Many also prefer to say, “That is my child’s story and he’ll know it and share it when and if he thinks it is appropriate.” My favorite was, “We don’t discuss such intimacies. Have you told your children the details of THEIR conception?”
Readers, thank you all for sharing.
Dear Abby: I have been in an on-again-off-again, long-distance relationship with a guy for a year and a half. I have broken up with him and taken him back six times. It is always for the same reason: We are not compatible as a romantic couple.
I have explained that we would be better as friends, but when I try to leave, he cries and begs me not to go. I’m afraid he could be suicidal, based on past reactions.
I love him as a friend and I want him to be with someone who can love him the way he wants to be loved. How do I let him down easy, if there is even such a thing? I’m afraid I might ruin his life.
I guess my question is, when you know in your gut that things won’t work out, when is it OK to throw in the towel?
Dear Perplexed: After six breakups, your long-distance romance is well past its expiration date. When there is a lack of chemistry between a couple, it’s no one’s fault and it’s usually a deal-breaker. The problem with letting someone down the way you’re trying to is that it prolongs the pain, like removing a sliver halfway, then jamming it back in because the person is wincing.

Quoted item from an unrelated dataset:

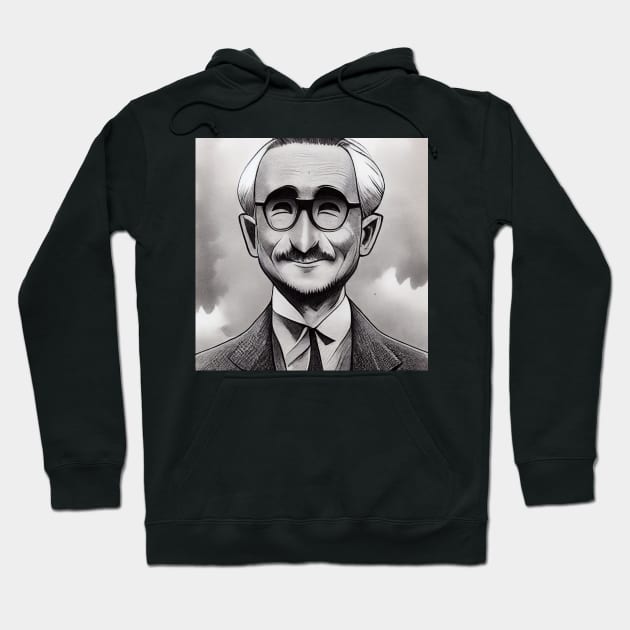 Happy F.A. Hayek Manga Style Portrait Hoodie by Classical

Threats of suicide if a romance is unsuccessful are attempts to control the partner who wants to leave through guilt. The time to throw in that towel is NOW.
Dear Abby: When did it become acceptable to ask for a doggie bag after an elegant dinner in a friend’s home? I’m known as an excellent cook. I entertained eight guests in my home last night and served expensive meat, an accompanying salad, vegetables and a great dessert. They wanted the leftovers! I thought if they had the nerve to ask, they were welcome to the goodies. Would you?
Hostess With the Mostest
Dear Hostess: Would I what? Ask for the leftovers or give them? To ask for leftovers in someone’s home is rude, and I wouldn’t do it — although some hosts do offer them to their guests. If you preferred to keep the leftovers for yourself, you should have said no — with a smile, of course.